***** Supplied entries
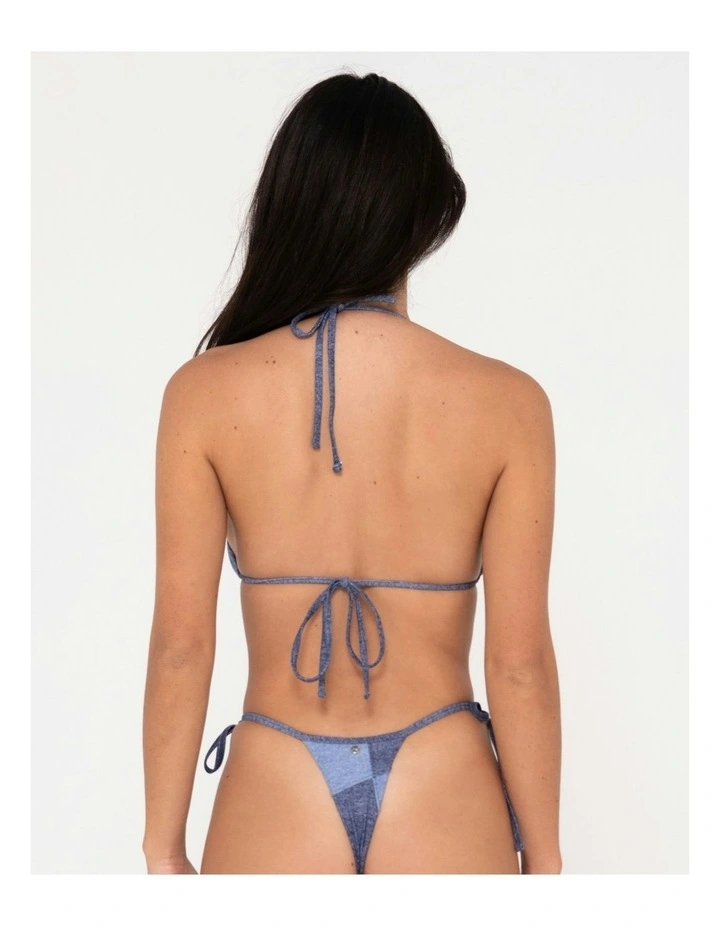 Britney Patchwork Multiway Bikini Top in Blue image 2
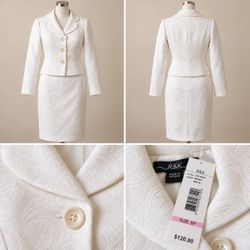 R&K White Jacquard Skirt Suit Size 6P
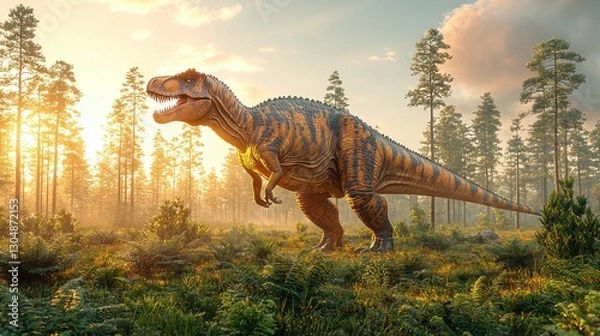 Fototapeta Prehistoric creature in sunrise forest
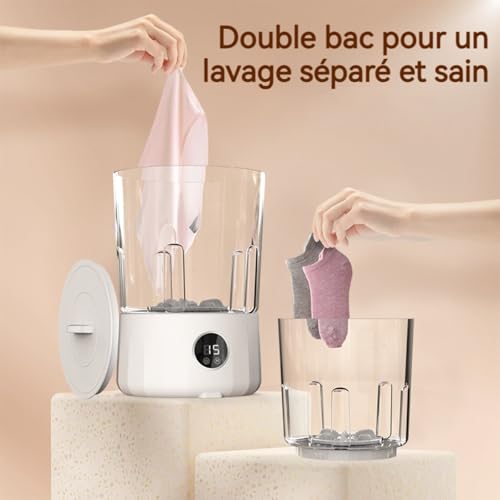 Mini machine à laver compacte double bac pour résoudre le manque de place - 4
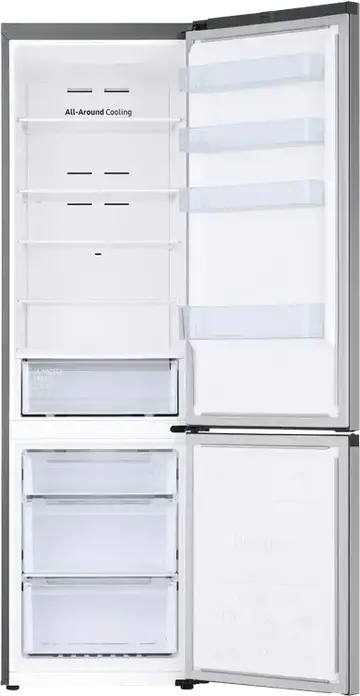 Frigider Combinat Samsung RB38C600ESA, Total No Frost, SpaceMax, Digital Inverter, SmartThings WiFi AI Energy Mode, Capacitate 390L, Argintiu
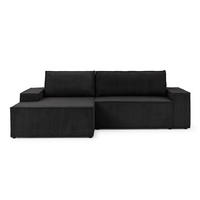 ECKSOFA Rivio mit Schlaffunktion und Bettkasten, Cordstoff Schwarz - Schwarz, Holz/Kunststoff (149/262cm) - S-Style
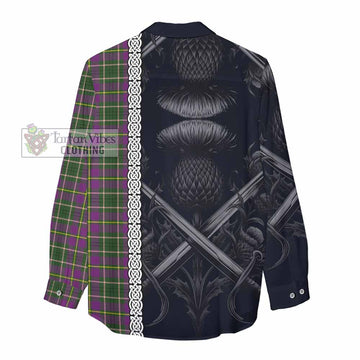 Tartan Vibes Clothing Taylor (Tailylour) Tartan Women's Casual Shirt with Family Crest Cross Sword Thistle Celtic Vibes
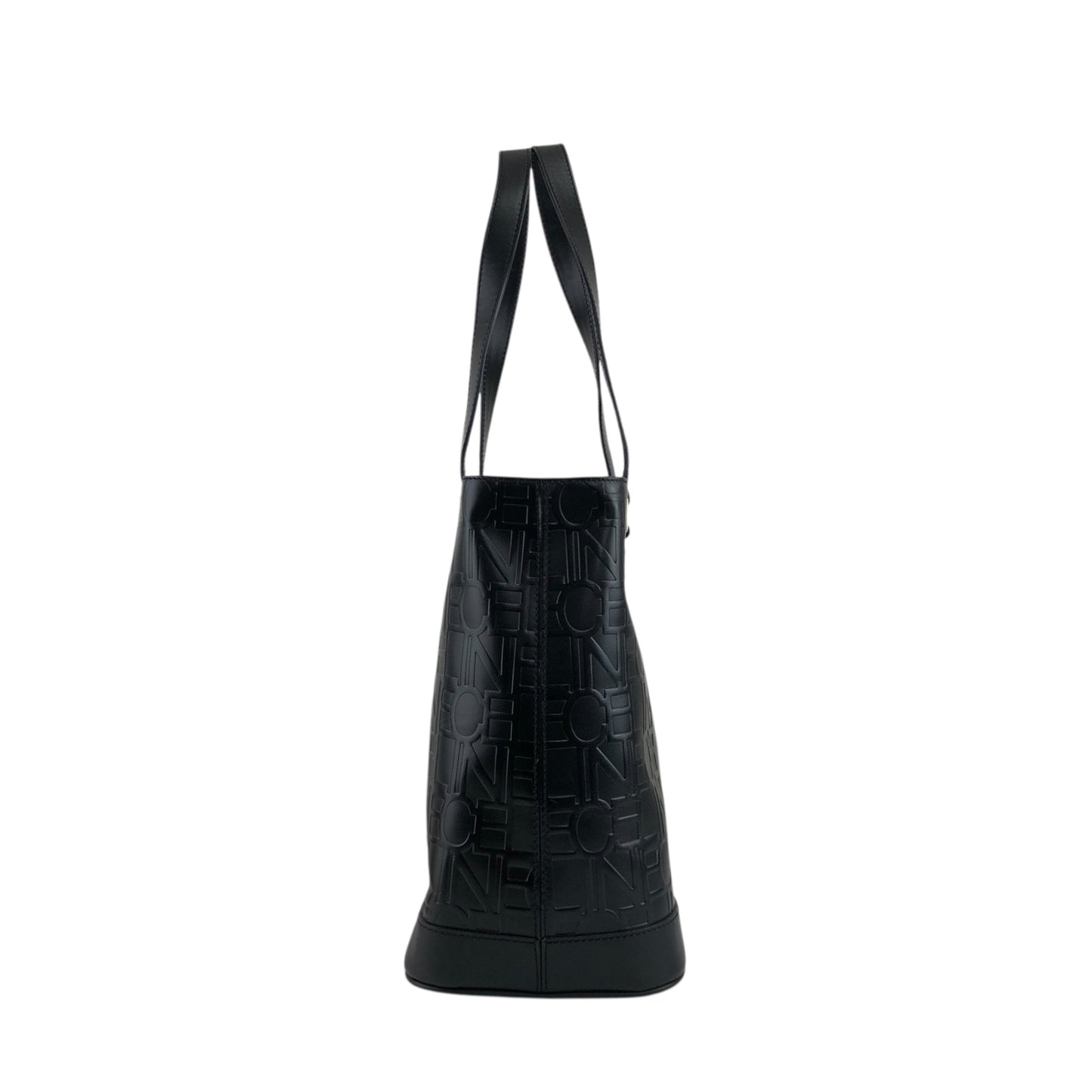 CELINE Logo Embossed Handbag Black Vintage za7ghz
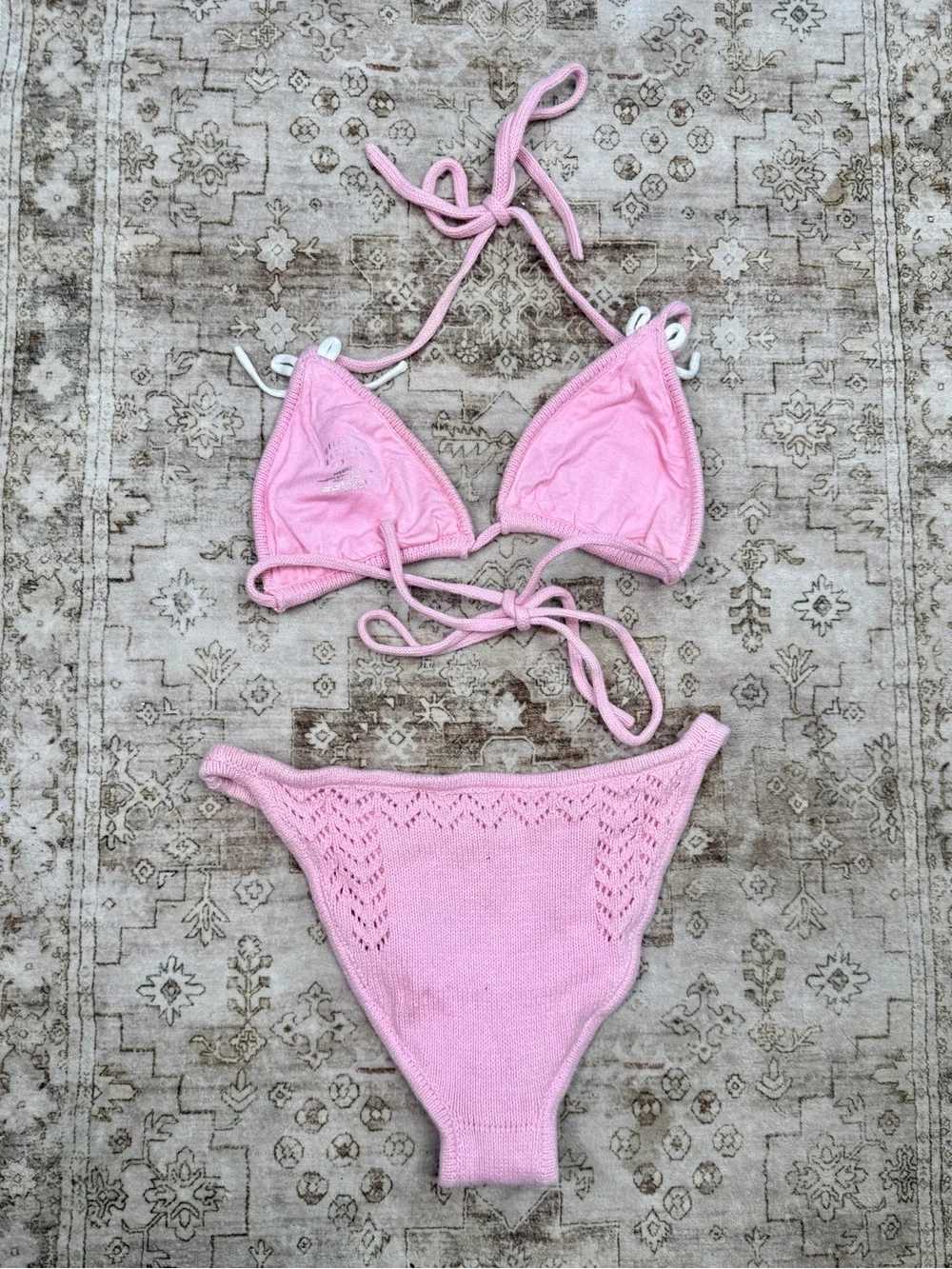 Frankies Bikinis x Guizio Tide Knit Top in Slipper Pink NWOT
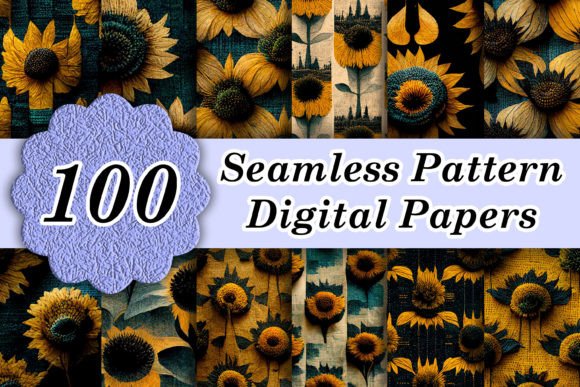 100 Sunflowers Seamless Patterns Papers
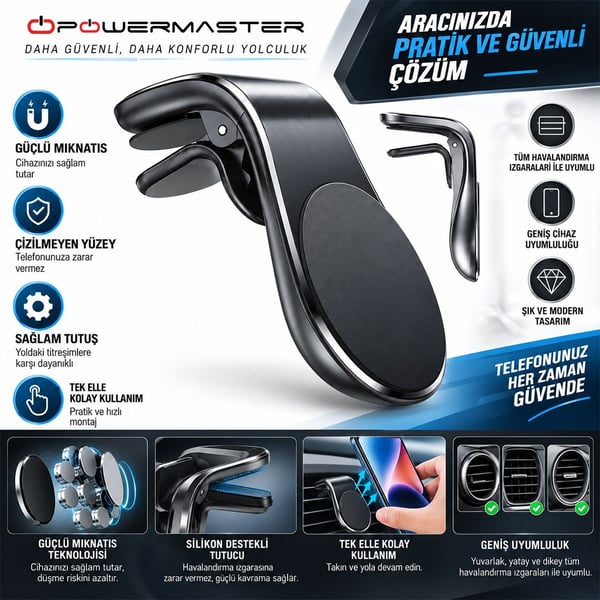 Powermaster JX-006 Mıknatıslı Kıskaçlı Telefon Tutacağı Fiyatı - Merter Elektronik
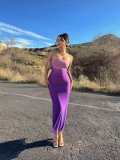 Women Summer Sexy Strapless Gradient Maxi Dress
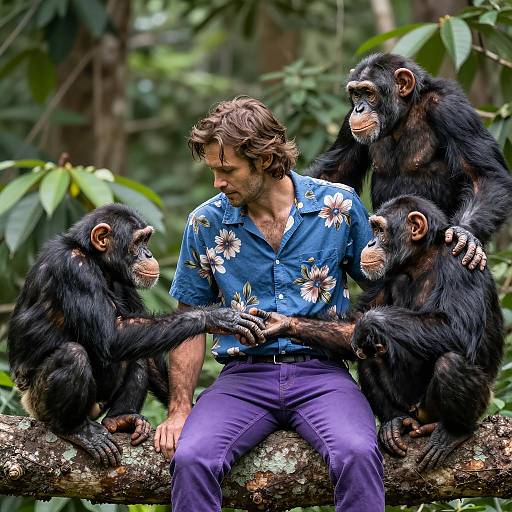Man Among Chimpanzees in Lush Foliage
**********
Instructions for the task
I would like the data copied exactly as it stands, with no pictures included.

Exercise output
 Britney Patchwork Multiway Bikini Top in Blue image 2
 R&K White Jacquard Skirt Suit Size 6P
 Fototapeta Prehistoric creature in sunrise forest
 Mini machine à laver compacte double bac pour résoudre le manque de place - 4
 Frigider Combinat Samsung RB38C600ESA, Total No Frost, SpaceMax, Digital Inverter, SmartThings WiFi AI Energy Mode, Capacitate 390L, Argintiu
 ECKSOFA Rivio mit Schlaffunktion und Bettkasten, Cordstoff Schwarz - Schwarz, Holz/Kunststoff (149/262cm) - S-Style
 Tartan Vibes Clothing Taylor (Tailylour) Tartan Women's Casual Shirt with Family Crest Cross Sword Thistle Celtic Vibes
 CELINE Logo Embossed Handbag Black Vintage za7ghz
 Frankies Bikinis x Guizio Tide Knit Top in Slipper Pink NWOT
 100 Sunflowers Seamless Patterns Papers
 Powermaster JX-006 Mıknatıslı Kıskaçlı Telefon Tutacağı Fiyatı - Merter Elektronik
 Women Summer Sexy Strapless Gradient Maxi Dress
Man Among Chimpanzees in Lush Foliage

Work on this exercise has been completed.